Amputationen meist überflüssig |
21.10.2002 00:00 Uhr |
Bei Brustkrebs sind Brust erhaltende Operationen genauso erfolgreich wie die Amputation der Brust. Das ist das Ergebnis zweier Studien, die in der aktuellen Ausgabe des angesehenen New England Journal of Medicine erschienen sind.
Die beiden Forschergruppen haben Frauen, die in den 70er- und Anfang der 80er-Jahre an Brustkrebs erkrankten, für mehr als 20 Jahre beobachtet, um die radikale Amputation der Brust mit einer Brust erhaltenden Operation zu vergleichen. Beide Studien liefern ein eindeutiges Ergebnis: Bei Frauen mit relativ kleinen Tumoren ergibt sich weder hinsichtlich der Metastasenbildung noch der Überlebenszeit ein Vorteil für die Mastektomie. Die Brust erhaltende Operation ist damit Therapie der Wahl.
80 Jahre lang wurde an Brustkrebs erkrankten Frauen mit einer nach Halsted benannten Methode radikal die Brust amputiert – unabhängig vom Alter der Patientinnen und von der Größe des Tumors. Brust erhaltende Operationen zogen Ärzte lange Zeit gar nicht in Betracht. Erst Ende der 60er-Jahre begannen sie darüber nachzudenken, ob eine Brust erhaltende Operation bei Brustkrebs genauso erfolgreich sein könnte wie die radikale Amputation.
Für eine der beiden jetzt veröffentlichten Studien begann die Rekrutierung der Patientinnen 1973. 701 Frauen mit relativ kleinen Primärtumoren von bis zu zwei Zentimetern Durchmesser nahmen an der randomisierten Studie teil. Sie unterzogen sich nach der Diagnose entweder einer Brustamputation (349 Patientinnen) oder das Tumorgewebe wurde großzügig chirurgisch entfernt und die befallene Seite anschließend bestrahlt (352 Patientinnen). Nach 1976 erhielten Patientinnen aus beiden Gruppen, bei denen Lymphknoten befallen waren, zusätzlich eine adjuvante Chemotherapie.
Zwar war die Wahrscheinlichkeit für ein Rezidiv an der Stelle des Primärtumors – also in der zuvor bereits befallenen Brust – bei Frauen nach Brust erhaltender Operation größer (30 von 352 Patientinnen versus 8 von 349). Aber hinsichtlich des Auftretens von Tumoren in der bislang gesunden Brust, Metastasen in anderen Körperregionen sowie weiteren Krebsgeschwüren ergaben sich keine Unterschiede zwischen den beiden Gruppen, schreiben Umberto Veronesi und seine Mitarbeiter vom European Institute of Oncology in Mailand. Auch die Überlebensrate (alle Todesursachen berücksichtigt) war vergleichbar: 20 Jahre nach Mastektomie lebten noch 58,8 Prozent der Patientinnen, nach Brust erhaltender Operation noch 58,3 Prozent. 26,1 Prozent der Patientinnen starben innerhalb von 20 Jahren nach Mastektomie an ihrer Brustkrebserkrankung. Nach einer Brust erhaltenden Operation starben 24,3 Prozent in demselben Zeitraum.

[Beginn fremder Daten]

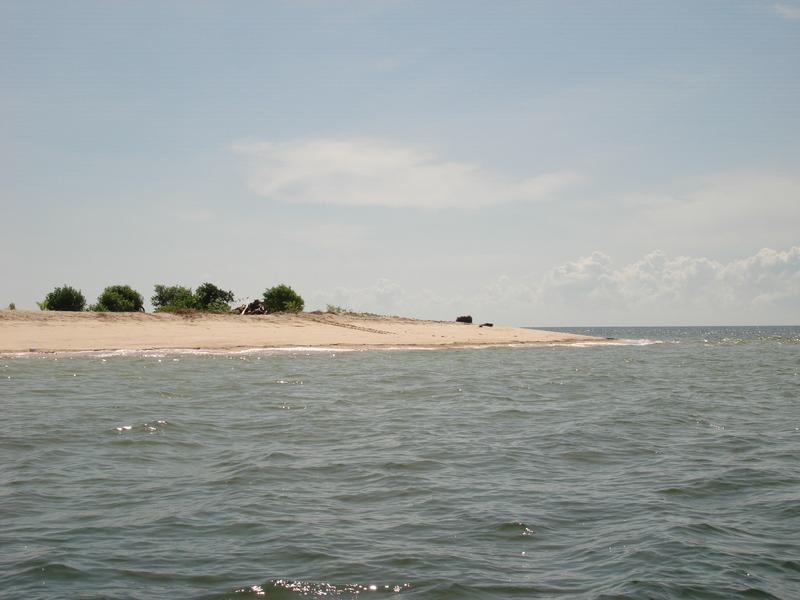 MaLaYsIa_-_PaLaU_SeLiNgAaN_(TuRtLe'S_IsLaNd)_22.jpg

Zu ähnlichen Ergebnissen kommen die Forscher um Bernhard Fisher vom National Surgical Adjuvant Breast and Bowel Project der Universität Pittsburgh. An deren Studie nahmen 1851 Frauen teil, die an Brusttumoren mit einem Durchmesser von bis zu vier Zentimetern erkrankt waren. Den Patientinnen wurden entweder die Brust amputiert, Brust erhaltend operiert oder sie erhielten zusätzlich zur Brust erhaltenden Operation noch Bestrahlungen. In allen drei Gruppen ergaben sich keine Unterschiede hinsichtlich krankheitsfreiem Überleben, der Metastasenbildung und dem Gesamtüberleben. Allerdings traten nach Bestrahlung weniger lokale Rezidive auf. In dieser Gruppe starben auch etwas weniger Frauen an Brustkrebs. Der Effekt auf das Gesamtüberleben wurde jedoch dadurch wieder aufgehoben, dass die Frauen dieser Gruppe häufiger an anderen Todesursachen starben.